__Assigned task__:
From the line containing "quality index A" down to the last line of the listing, quote everything word for word, and nothing else, keeping pictures out.

__The data__:

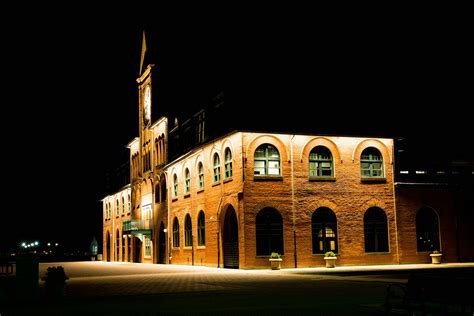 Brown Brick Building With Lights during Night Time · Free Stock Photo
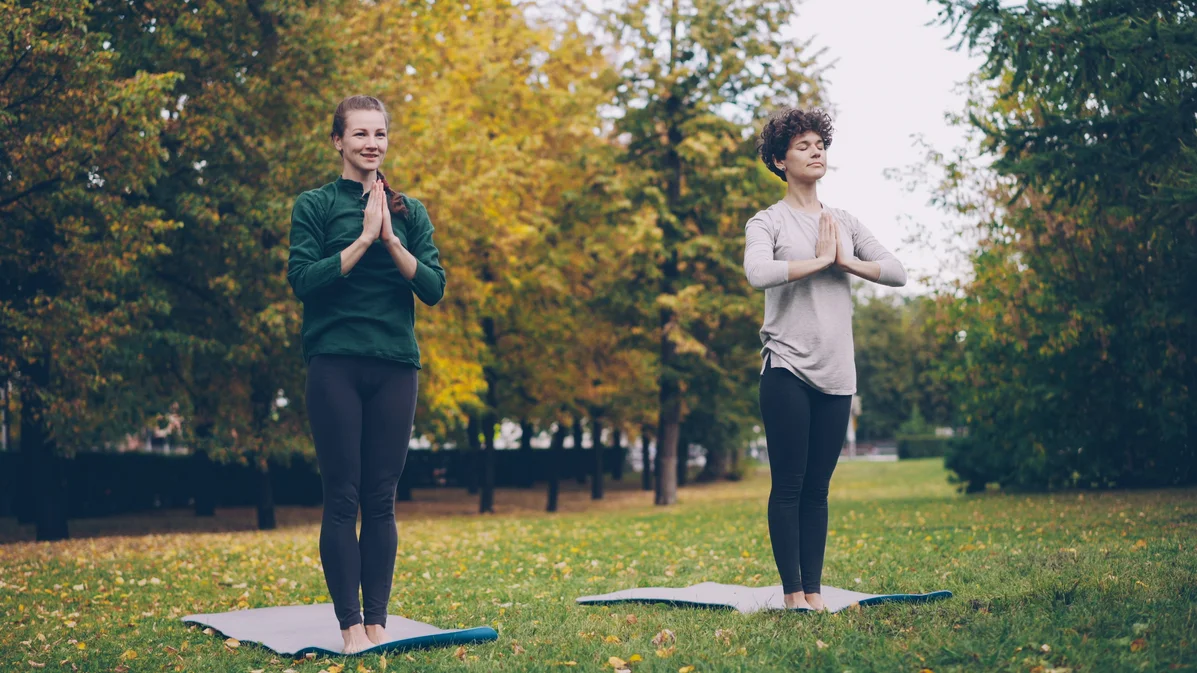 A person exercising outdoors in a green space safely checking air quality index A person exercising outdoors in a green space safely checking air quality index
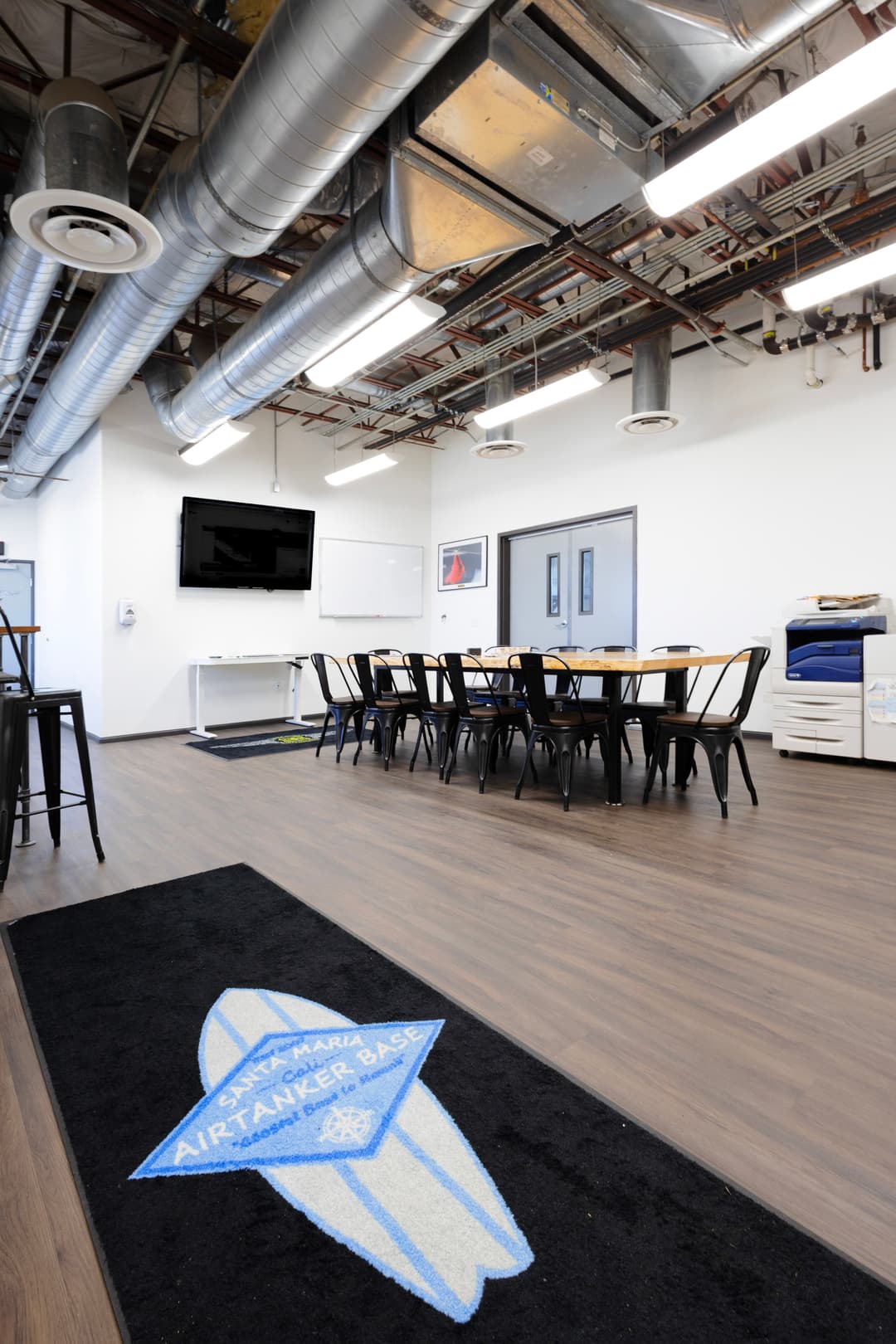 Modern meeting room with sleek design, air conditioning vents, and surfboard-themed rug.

__Your solution__:
 A person exercising outdoors in a green space safely checking air quality index A person exercising outdoors in a green space safely checking air quality index
 Modern meeting room with sleek design, air conditioning vents, and surfboard-themed rug.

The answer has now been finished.